The county also agreed to buy 300 acres of land from Lake Point, refund environmental surcharge and impact fees, and grant a permit for an onsite cement plan. It also agreed to issue an apology letter.
In the letter, released on Tuesday, the commissioners apologized to Lake Point, "its principals and its employees for the harsh words and inappropriate deed of certain commissioners that unnecessarily tarnished the reputation of Lake Point." It also admitted that it needed "to improve its public records practice" particularly as it related to using private emails for public purposes. Download 17-11-13 Settlement Agreement (All pages) (1)
"We now know that the use of private e-mail accounts by certain County commissioners had become too commonplace, resulting in a lack of the transparency and accountability that the public rightly expects from its government, and that is required by law,'' the letter states. "We have addressed these public records problems through new policy and practices, by which we hope to restore the public’s trust in how Martin County transacts its public affairs."
It's a dramatic admission for a county that spent two years denying the existence of public records, until a court ordered them released, and it is the second settlement agreed to by the commission this year.
A a court-appointed arbitrator in February concluded the county “engaged in a pattern of violating the public records act” in an attempt to shield that they were using private email accounts to communicate with former Martin County Commissioner and environmental advocate Maggy Hurchalla. The court found that “certain commissioners failed to take public records requests seriously.”
The county agreed to pay more than $371,800 in attorneys’ fees at the time, and to establish a new policy for how to handle public business on private email accounts.
The Lake Point venture began as a public-private partnership that would allow Lake Point’s owners to operate a for-profit rockpit to mine and sell aggregate — a mixture of minerals —for construction projects. In exchange, Lake Point would donate the 2,200-acre property to the district, which would use it to divert water from Lake Okeechobee or the C-44 Canal to avoid discharges into the St. Lucie Estuary.
The water on the land, which former owners had used to grow sugarcane, would be treated and then sent south into Florida Bay. Lake Point argued the agreement with the district gave it the right to transport and supply water; the company wanted to sell water to Palm Beach County.
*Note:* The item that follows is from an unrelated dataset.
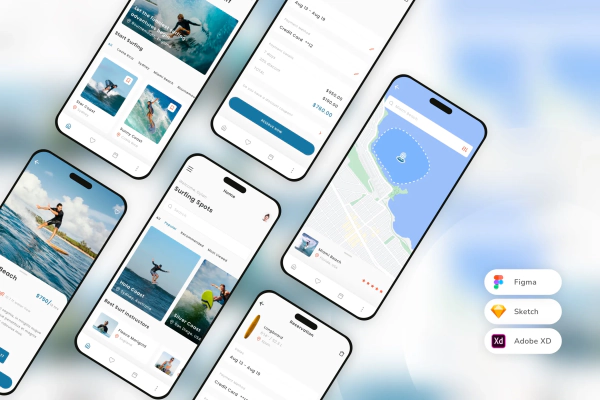 Surfing Find & Reservation Mobile App UI Kit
Martin County countered that Lake Point was not allowed to conduct a revenue-generating public water-supply project on the property.
The county canceled the contract in late 2012, after Hurchalla urged county commissioners to reject it, claiming it could destroy as much as 60 acres of wetlands. Lake Point countered that Hurchalla’s claims were false, and sought copies of private emails between commissioners and Hurchalla.
Emails discovered in the case revealed that more than one commissioner used personal email accounts to conduct public business, and Lake Point sued.
In March 2016, Hurchalla produced emails that the county had denied existed for two years. They showed that she had been engaged in discussions with former Commissioner Anne Scott and Commissioner Ed Fielding about canceling the contract and appeared to coach Scott to “limit the discussion” and cancel the contract.
The court-appointed arbitrator concluded that County Commissioner Sarah Heard scrubbed information and altered public records, after she claimed her private Yahoo! account was hacked. Now, a grand jury is reviewing those developments.
The county commission voted 4-1 to approve the settlement with only Heard voting no.
County Commissioner Ed Ciampi called it "a dark day in Martin County."
Commission Chair Doug Smith called the need for the settlement "reckless,'' according to TC Palm. "We are borrowing money to dig our way out of a hole," he said, adding that the county could have built two fire stations with the money spent on the settlement.
Heard, however, maintained she had done nothing wrong.
"This is the most alarming proposal I've ever seen put before any board,'' she said, according to TC Palm. "We didn't do anything wrong. This is an unveiled assault on opposition, on criticism. It's meant to vanquish opposition and critics, to muzzle the public and critical public officials."